Le message se répand dans tout le Japon, mais lentement. Kunihiko Higa, professeur à l’École supérieure du Management de l’innovation à l’Institut de technologie de Tokyo, affirme que les entreprises japonaises ne sont pas encore convaincues des avantages du travail à distance.
En parallèle, sa mise en place est généralement laissée à la discrétion des responsables individuels qui peuvent être réticents à l’idée de se lancer dans une initiative sans précédent. Les autres questions incluent la configuration des systèmes de communications pour qu’ils se rapprochent autant que possible de l’environnement de travail.
Toutefois, Higa souligne qu’un autre problème urgent peut également aider à populariser le télétravail : les déboires démographiques du Japon. Avec un taux de natalité bas et des politiques rigoureuses en matière d’immigration, la population du pays a enregistré une baisse record de 300 000 habitants en 2016. D’ici 2050, près de 40 % des Japonais seront âgés de plus de 65 ans, selon l’étude de l’Institut national pour la population et la sécurité sociale(5).

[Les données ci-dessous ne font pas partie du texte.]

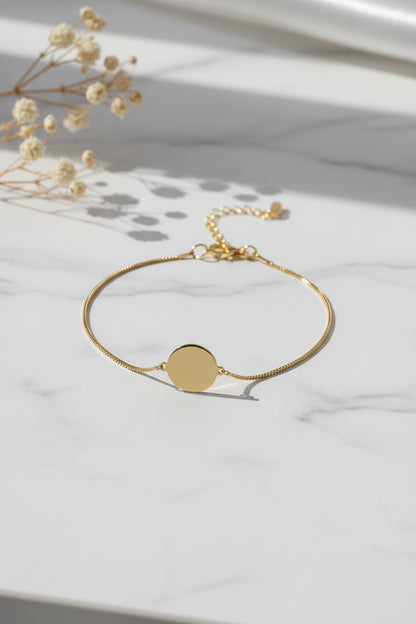 Personalized Round Paw Print Nose Print Engraved Bracelet 925 Sterling Silver with 18K Vermeil Gold Plating 12 mm Disc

« Il existe une pénurie chronique grave de main-d’œuvre à cause du vieillissement de la population et des problèmes de prise en charge des enfants et des personnes âgées pour les familles, » ajoute Higa. « Ce sont des problèmes courants pour toutes les entreprises, tant du secteur public que privé. Si des dirigeants d’entreprise avant-gardistes parviennent à introduire le télétravail stratégique à grande échelle, il se répandra rapidement. »
Avec la diminution du nombre d’habitants que compte le pays, les Japonais devront faire plus avec moins, afin de rester compétitifs dans l’économie mondiale et de maintenir leur niveau de vie. Et cela passe par l’investissement dans des approches de travail flexibles. La productivité augmentera probablement, et les premiers trains du matin seront sans doute plus confortables.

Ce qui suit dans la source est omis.